# The equivalence of a set and its permutations.

1. Dec 7, 2015

### Odious Suspect

The following is from an introduction to groups. It is not clear to me why the authors bothered to introduce the subset $\mathfrak{Q}\subseteq \mathfrak{R}$ and a subset $\mathfrak{K}\subseteq \mathfrak{S}^{\mathfrak{R}}$ into the discussion. (3) seems to follow trivially from the one-to-one and onto properties of $\sigma$. Am I missing something here?

"Let $\mathfrak{R}$ be a set, which we shall now call a space in order to distinguish it from other sets to be considered later; and correspondingly, its elements $P,Q,R,\ldots$ will be called points. Let $\mathfrak{S}^{\mathfrak{R}}$ be the set of permutations on $\mathfrak{R}$ : that is, the set of one-to-one mappings of $\mathfrak{R}$ onto itself. If $\sigma \in \mathfrak{S}^{\mathfrak{R}}$ we denote by $P\sigma$ the image of the point $P\in \mathfrak{R}$ under the mapping $\sigma$. Then $\sigma$ has the following properties:

$$\text{(1)} P\sigma \in \mathfrak{R} \text{ for all } P\in \mathfrak{R}$$

$$\text{(2)} P_1\sigma =P_2\sigma \text{ implies } P_1=P_2$$

More generally, if for a subset $\mathfrak{Q}\subseteq \mathfrak{R}$ and a subset $\mathfrak{K}\subseteq \mathfrak{S}^{\mathfrak{R}}$ we denote by $\mathfrak{Q}\mathfrak{R}$ the set of elements $P\sigma, P\in \mathfrak{Q}, \sigma \in \mathfrak{K}$ then the fact that $\sigma$ is a mapping onto $\mathfrak{R}$ is equivalent to

$$\text{(3)} \mathfrak{R}\sigma =\mathfrak{R}\text{.}$$"

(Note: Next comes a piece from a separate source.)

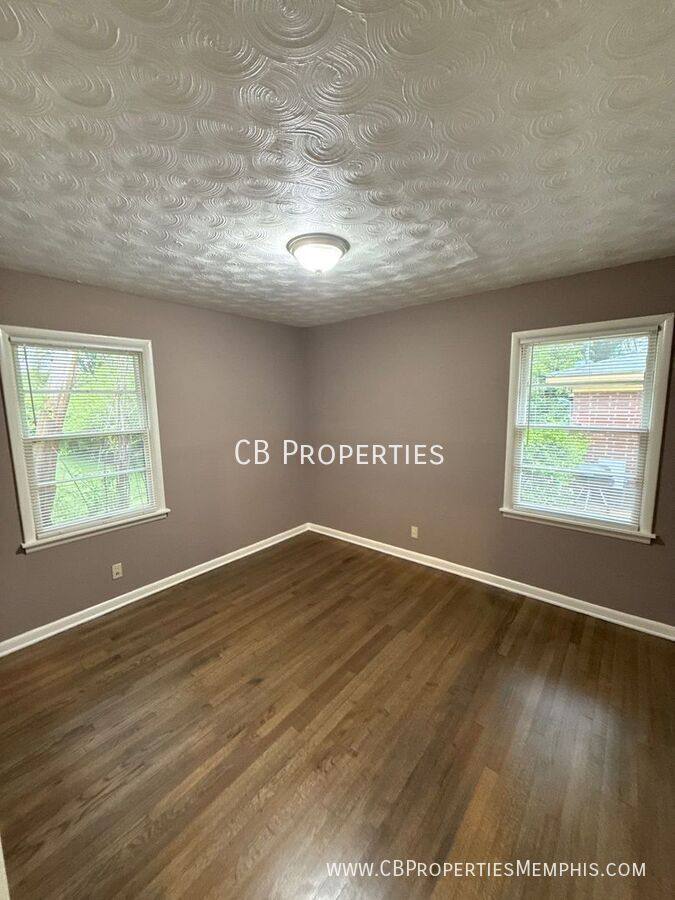 House for rent at 4493 Westmont Rd, Memphis, TN 38109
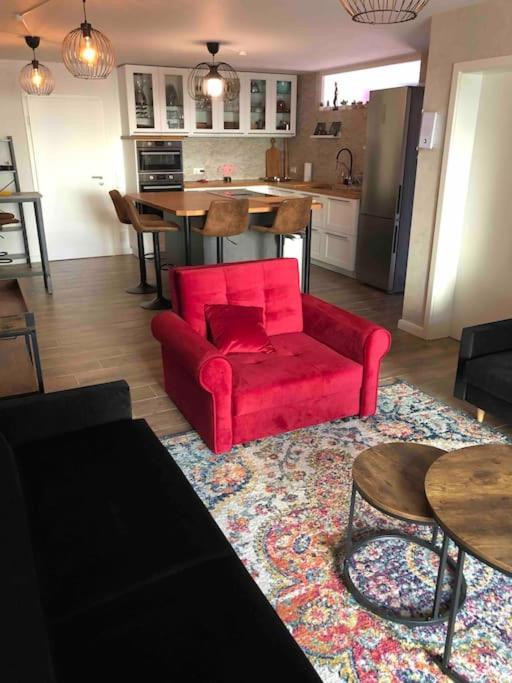 Stylisches Maybach Appartement Mit Terrasse Fuer 5 Personen, 5 Betten, Grosse Kochinsel, Homeoffice Mit 250Mbit Wlan Aidlingen Exterior photo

There is a footnote as follows: "No distinction is made here between an element and the set containing it as the sole member. Thus $\sigma$ in (3) in fact represents {$\sigma$}, the set consisting only of $\sigma$."

2. Dec 7, 2015

### andrewkirk

I don't think you're missing anything. It is, as you say, a trivial consequence.

3. Dec 7, 2015

### Staff: Mentor

(1) is closure or into, (2) one-to-one or injective and (3) onto or surjective. I think the author only wanted to introduce his notations and summarize what "one-to-one onto" means.

4. Dec 7, 2015

### Odious Suspect

Indeed. Before introducing $\mathfrak{Q}\mathfrak{R}$, I didn't have permission to write (3). I also now realize that the "space" being introduced is not the set forming the group being exhibited. That set is $\mathfrak{S}^{\mathfrak{R}}$, and the operation is the product of permutations.

My source is: https://mitpress.mit.edu/books/fundamentals-mathematics-0 Volume 1. IIRC, their definitions for some of the structures in modern algebra are non-standard. It's sure no page-turner.